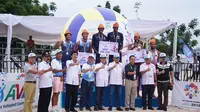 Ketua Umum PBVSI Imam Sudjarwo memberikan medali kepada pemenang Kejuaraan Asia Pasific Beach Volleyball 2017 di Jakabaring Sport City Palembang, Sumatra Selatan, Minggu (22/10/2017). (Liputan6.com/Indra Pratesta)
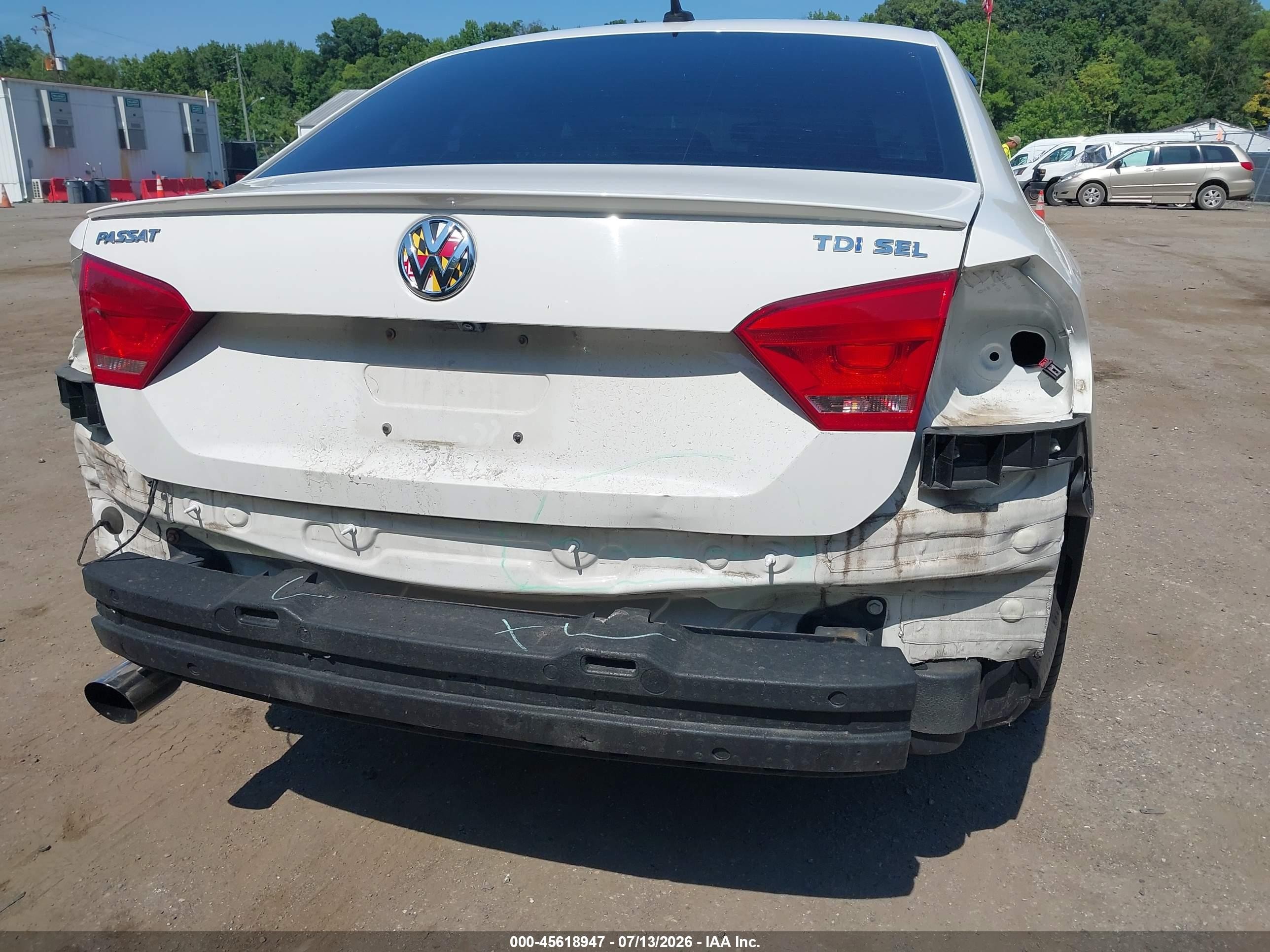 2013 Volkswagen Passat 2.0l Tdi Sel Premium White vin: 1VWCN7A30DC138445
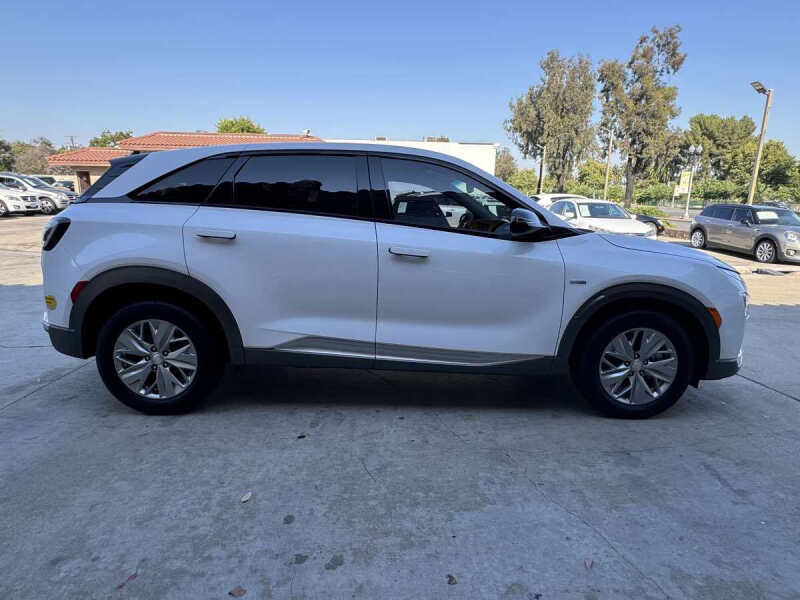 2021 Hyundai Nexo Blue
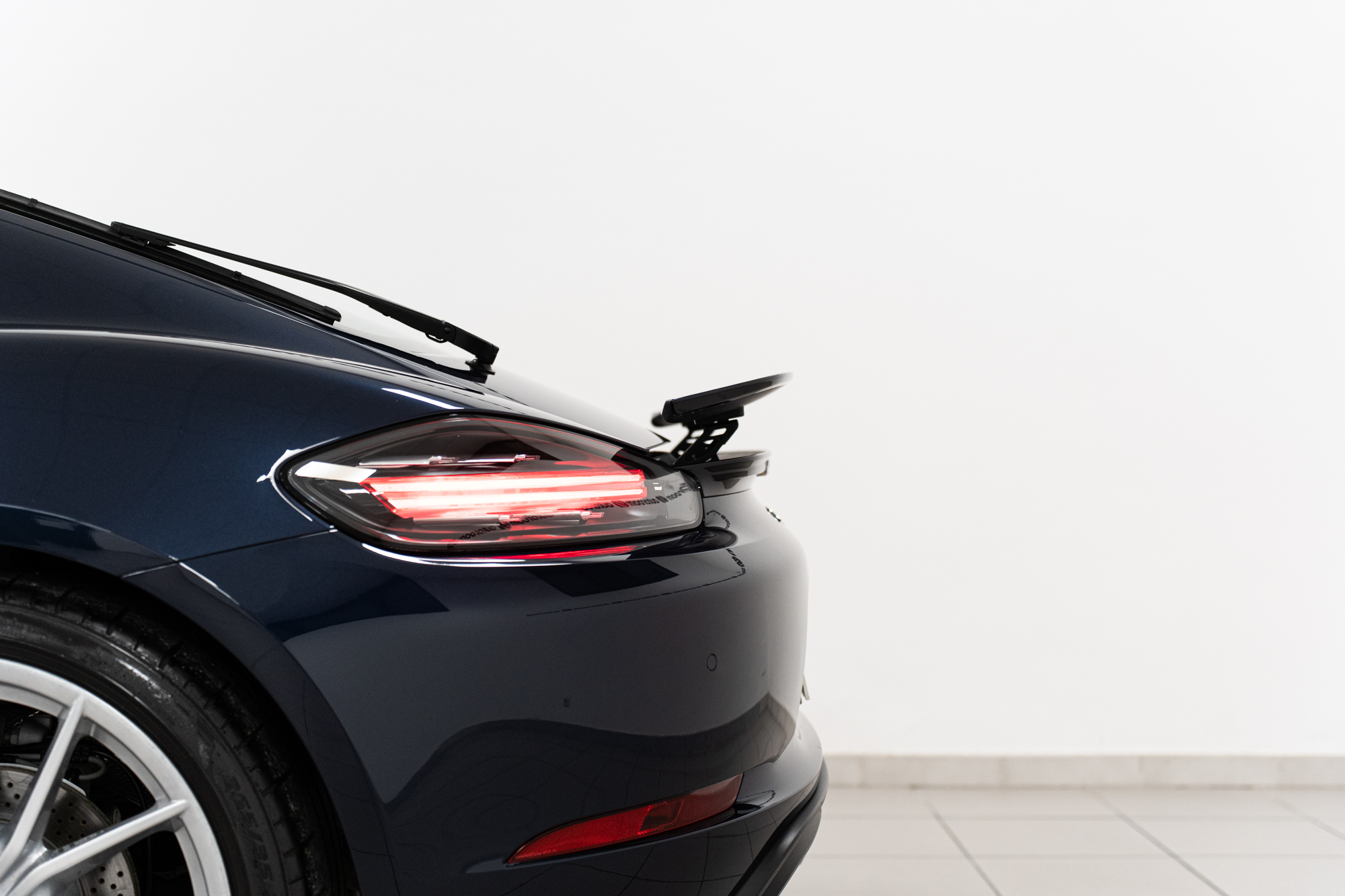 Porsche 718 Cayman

### Task to carry out
Leaving out the pictures, transcribe the material above exactly.

### Response for this exercise
 Ketua Umum PBVSI Imam Sudjarwo memberikan medali kepada pemenang Kejuaraan Asia Pasific Beach Volleyball 2017 di Jakabaring Sport City Palembang, Sumatra Selatan, Minggu (22/10/2017). (Liputan6.com/Indra Pratesta)
 2013 Volkswagen Passat 2.0l Tdi Sel Premium White vin: 1VWCN7A30DC138445
 2021 Hyundai Nexo Blue
 Porsche 718 Cayman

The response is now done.